An interdisciplinary exhibit and series of events called The Futuring Lab, led by Associate Professor of Architecture Sandy Litchfield, will run from Nov. 8-9 and Nov. 28-30 in the Design Building Gallery. The timely exhibition seeks to respond to pervading anxieties about climate change, rising social inequity, racism, political division, ecological collapse, and the realities of what the near future may hold. All programming and events are free and open to the public. A related series of events, Y3K: On Distant Keys, is scheduled for spring.
“Architects are future planners. Everything they design is a plan for the future; it’s not what exists right now, but what may exist,” Litchfield says. “I teach at the boundaries between art and architecture and writing, and I’ve always been in my heart a futurist. I can’t help but think of what that future is going to look like, so this project captures that.”
The Futuring Lab, hosted in the Design Building Gallery, will feature a large interactive wall installation called Khronika where visitors can use sticky notes to visually share personal and political events, historic and speculative, known and unknown. Khronika is on view all semester during the Design Building Gallery’s regular hours.
In addition, there will be a series of auxiliary public readings, talks, musical performances, workshops, roundtable discussions, fortune telling, poetry, climate science lectures, and more in what Litchfield describes as an “almost carnival-esque series of events” held over five days.
These events invite participants to imagine futures that are not only possible and probable, but also preferable.
“I think it’s a problem when discussions about sustainability and climate change are exclusive to academia. These are conversations that need to involve everyone—communities from all over,” Litchfield explains. “We need to listen to the elders, and we need to listen to the children, and we need to let them have their voice in this. How do all these different people want to make their future visible?”
To create The Futuring Lab, Litchfield called upon more than 50 collaborators, including UMass Amherst students, faculty, and staff, all of whom contributed to the project. Its curatorial design team includes Litchfield; Ray Kinoshita Mann, professor of Architecture; Madeleine Charney, research services librarian; and students Bella Donovan, Meredith Degyansky, and Ben Richter. Writer and artist Kelly Feeney is also involved.
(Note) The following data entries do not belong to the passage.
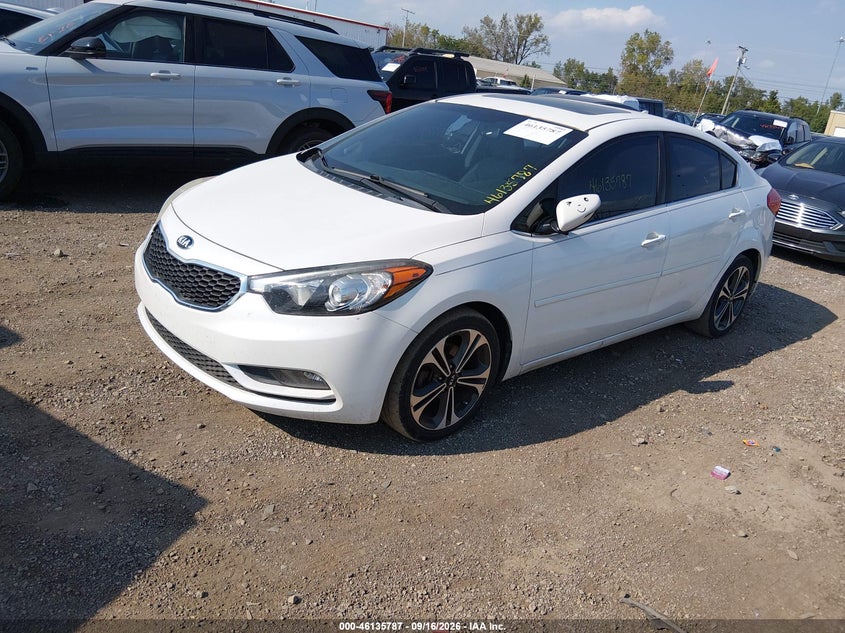 Vin: knafz4a88e5087830, lot: 46635521, kia forte ex 20142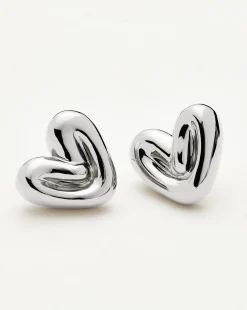 Puffy Heart Stud Earrings
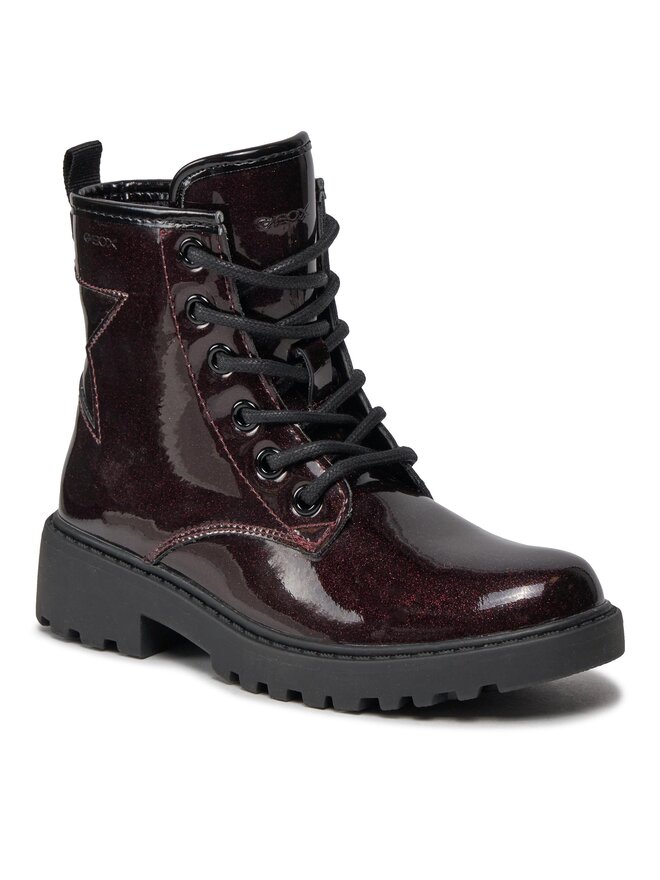 Geox Pohodni čevlji Geox J Casey Girl J9420G 000KC C7J9B S Bordo rdeča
“This very expansive community has come together to contribute. Everyone is bringing their own ingredients to what is really a ‘stone soup’ operation,” Litchfield says. “I may have brought the pot, the water, and a few stones, but the real nutrients of this project come from everybody else in the community.”
As for what Litchfield hopes this project inspires in participants?
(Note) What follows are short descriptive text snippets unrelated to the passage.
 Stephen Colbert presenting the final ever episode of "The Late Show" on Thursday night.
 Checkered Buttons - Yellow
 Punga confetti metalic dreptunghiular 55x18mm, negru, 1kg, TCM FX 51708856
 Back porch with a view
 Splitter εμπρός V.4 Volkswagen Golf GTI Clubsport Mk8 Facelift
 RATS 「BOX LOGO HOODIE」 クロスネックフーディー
“Agency. We want people to feel like they can have impact; that they should get involved and be part of the change, the revolution, we’re facing,” she says. “We are the activists. We are the changemakers. What do we want that change to be? And what does that preferred future look like?”
The Futuring Lab is sponsored by a UMass Amherst Faculty Research Grant, Architecture Research Collaborative, UMass Libraries, Office of Equity and Inclusion, Design Building Gallery, School for Earth and Sustainability, and The Puffin Foundation.